Closed nrolland closed 1 year ago

nrolland commented 2 years ago

I noticed a strange difference in behaviors when documented modules are loaded from files, with some href links being broken, compared to having the documented modules taken from nested modules, where the links between referenced modules are preserved.

I made a minimal reproducible example here

Ps : this is a really nice project. thank you for making it

jonludlam commented 2 years ago

I think you've hit an issue that's related to the way dune implements namespacing. It's a bit of a tricky business, which I've tried to document briefly here.

In the particular repro in your repository, you've gone with the default of having dune wrap your library - and in particular you've hand-written the top-level module Odoc_pb.ml that serves as the one module intended to be exposed by your library. As explained in the link above, the other modules in the library are built with mangled names (Odoc_pb__Odoc and Odoc_pb__Odoc_intf), and in order to preserve the short names for these modules, dune first creates and compiles the namespace module odoc_pb__.ml-gen in the _build/default directory. The contents of this file is as follows:

(** @canonical Odoc_pb.Odoc *)
module Odoc = Odoc_pb__Odoc

(** @canonical Odoc_pb.Odoc_intf *)
module Odoc_intf = Odoc_pb__Odoc_intf

This file is compiled first (with -no-alias-deps so we're not required to have compiled Odoc_pb__Odoc or Odoc_pb__Odoc_intf before this one). We then compile the modules Odoc.ml and Odoc_intf.ml with the option -open Odoc_pb__, which brings the short names for your modules into scope, and so your modules can continue to pretend that the modules have been compiled without the name mangling.

The problem here is that dune and odoc need to cooperate in order to maintain the fiction that the namespaced modules are the only ones that exist - so dune annotates the aliases to the modules with the mangled names with the canonical tags you can see above. This is an instruction to odoc that whenever it sees Odoc_pb__Odoc, it should actually replace that with a reference to Odoc_pb.Odoc. When dune is responsible for the toplevel module - ie., nobody has written the x.ml file for a library x, this will all work flawlessly. When the library author has written their own toplevel module (odoc_pb.ml in your case), dune has no choice but to assume the modules have been exposed there, but nothing can ensure this has been done. Odoc will check that that path exists before doing the replacement, and if it doesn't exist it doesn't do it. Since odoc goes to some lengths to pretend these modules with double underscores don't exist, it ends up hiding anything that refers to a module with a double underscore. This is a reasonable stance, since as far as odoc knows, those modules have been intentionally left out of the 'public' interface.

The usual fix is to make sure that everything that is meant to be exposed is available through the top-level module in some way, and that canonical paths are set up to ensure odoc knows how to rewrite references to hidden items.

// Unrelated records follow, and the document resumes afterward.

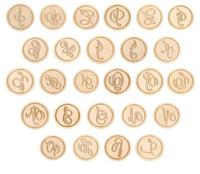 Gambar Wax Seal Stamp Wood Handle Dia. 3cm - Stempel Sealing Lilin Inisial - 0E dari JPL CRAFT STORE undefined 2 Tokopedia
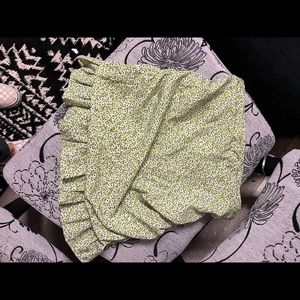 Floral Scrunched Mini Skirt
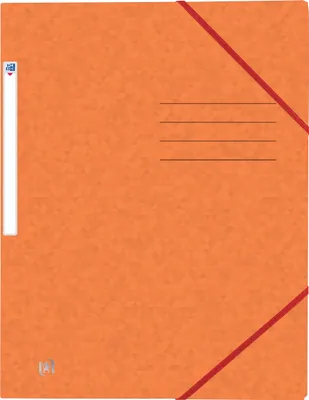Produktbild von Oxford 400116307, Konventioneller Dateiordner, A4, Karton, Orange, Landschaftsportrait, 200 Blätter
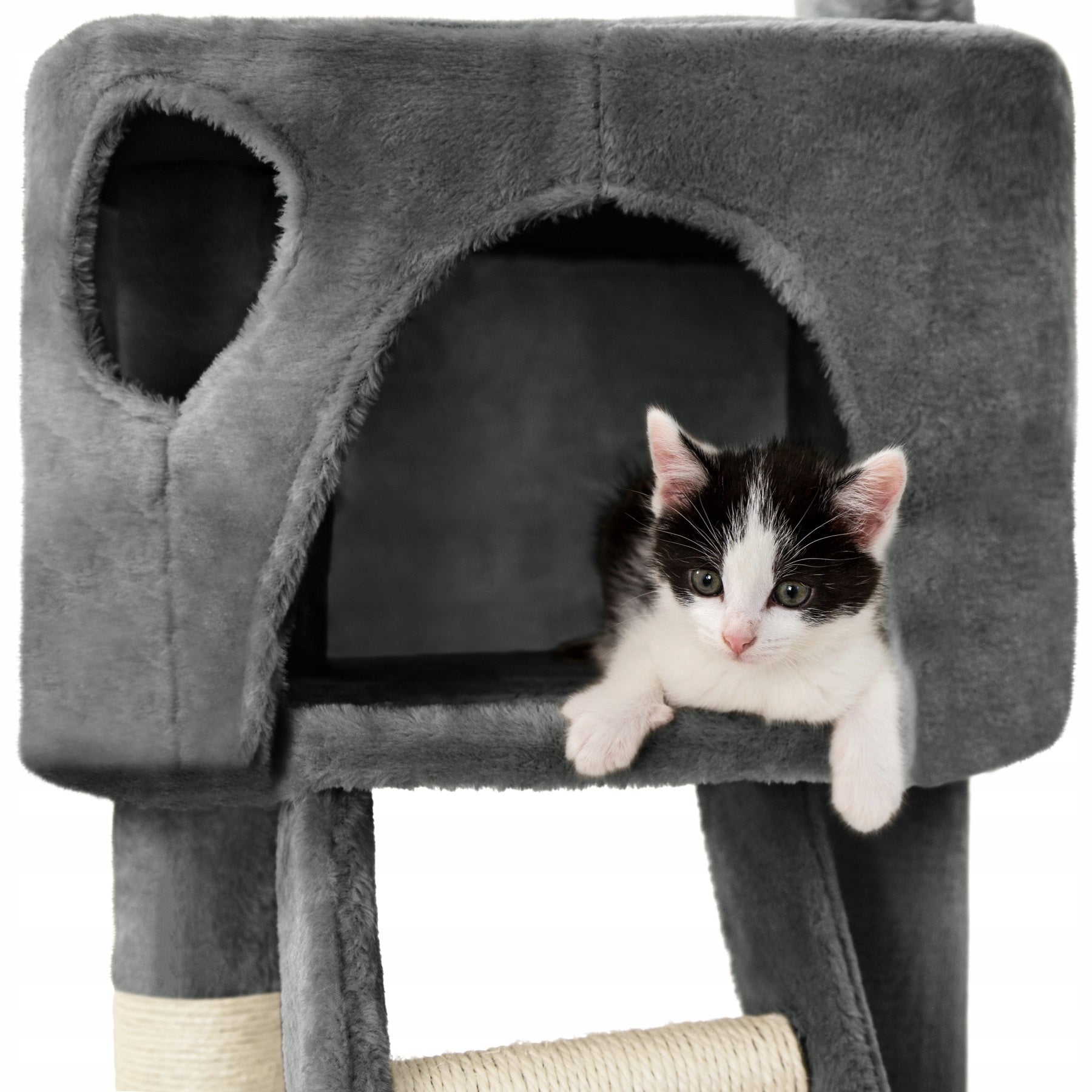 Tree Ceiling Scratcher for Cat Tower Bed House Sisal Posts Height (cm) higher than 220 cm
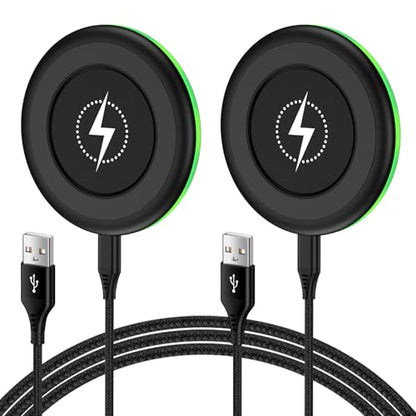 for Samsung Galaxy Wireless Charger Fast Charging Pad Compatibilty with Samsung S25 Ultra/S24 Plus/S23FE/S22/S21/S20,2 Pack 15W Wireless Phone Charger Android Desk for iPhone 17/16/15 Pro,Google Pixel
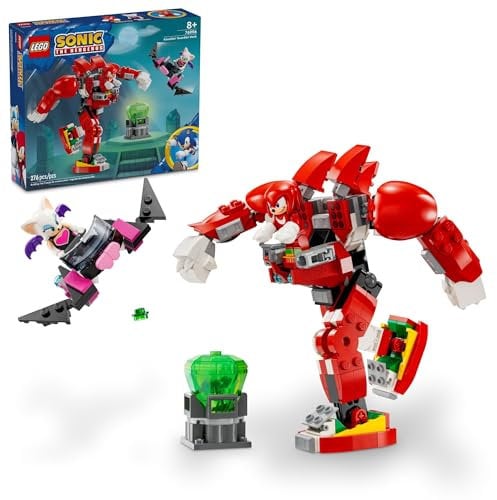 LEGO Sonic The Hedgehog Knuckles' Guardian Mech Set 76996 di giocattoli da costruzione, giocattolo sonico per bambini, ispirato ai videogiochi, action figure con maestro smeraldo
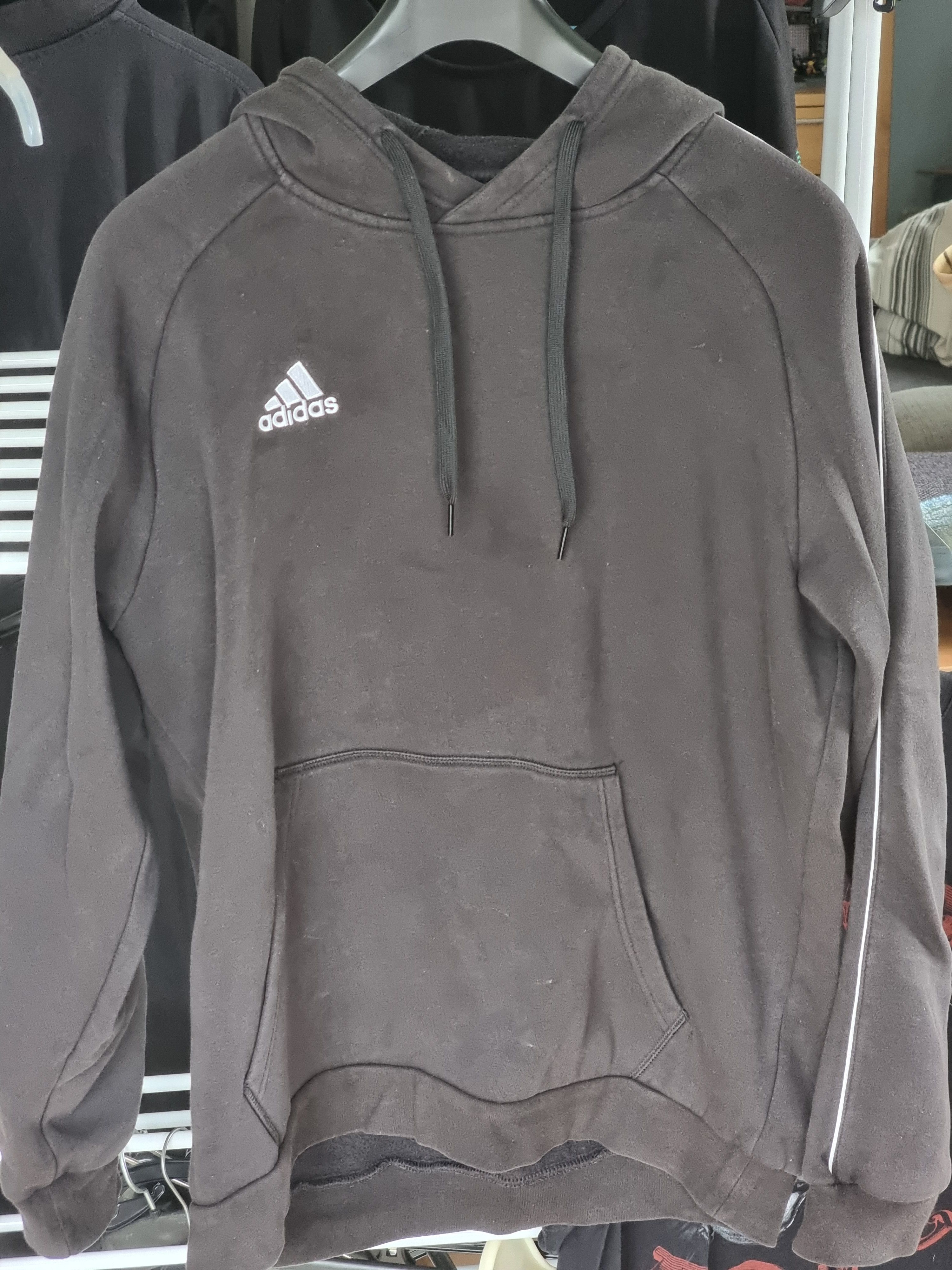 Adidas Adidas Black Hoodie Size US L / EU 52-54 / 3 - 1 Thumbnail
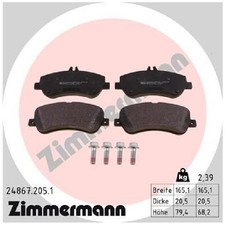 Satz Bremsbeläge Bremsklötze vorne für Mercedes GLK-Klasse X204 24534930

In your case, the simplest way to do this is to put in the aliases that dune was expecting to be present - ie add these lines to odoc_pb.ml:

module Odoc = Odoc
module Odoc_intf = Odoc_intf

Of course, the reason that the inlined modules don't suffer from this is because none of this name mangling happens!

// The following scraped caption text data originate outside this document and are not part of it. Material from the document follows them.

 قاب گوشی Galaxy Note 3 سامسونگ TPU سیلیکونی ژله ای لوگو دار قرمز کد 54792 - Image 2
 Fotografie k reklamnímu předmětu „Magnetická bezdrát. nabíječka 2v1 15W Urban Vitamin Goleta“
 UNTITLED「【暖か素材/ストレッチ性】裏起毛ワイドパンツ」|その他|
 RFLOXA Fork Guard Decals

jonludlam commented 2 years ago

Odoc can detect when these canonical paths don't exist, and we could probably emit some warnings that point out exactly what's going wrong here. This might not be easy as in many cases the aliases have not been put in intentionally - e.g. in base, the module Applicative_intf is not exposed, but this intentional as everything ought to be available through the module Applicative.